» **What to work on**: Pictures excluded, copy all of the data below exactly.

» **Source data**:
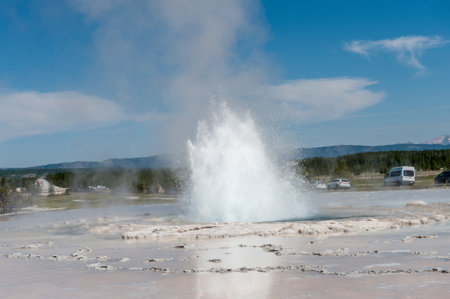 Eruption of the Great Fountain Geyser in Yellowstone National park.の写真素材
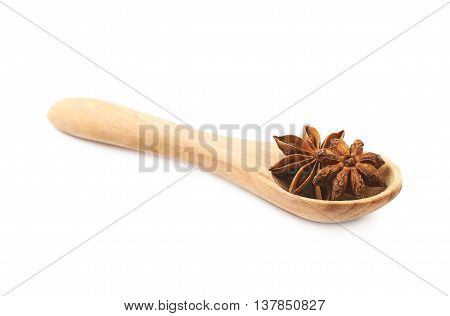 Chinese star anise seed served in a wooden spoon, composition isolated over the white background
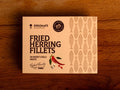 A tin of herring in pale brown card packaging with brown lettering by a picture of two whole red chillies next to two garlic cloves and two slices of red chilli pepper.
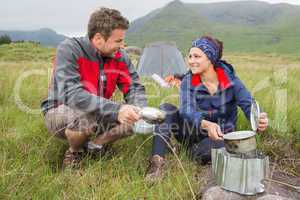 Couple cooking outside on camping trip and smiling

» **Exercise answer**:
 Eruption of the Great Fountain Geyser in Yellowstone National park.の写真素材
 Chinese star anise seed served in a wooden spoon, composition isolated over the white background
 A tin of herring in pale brown card packaging with brown lettering by a picture of two whole red chillies next to two garlic cloves and two slices of red chilli pepper.
 Couple cooking outside on camping trip and smiling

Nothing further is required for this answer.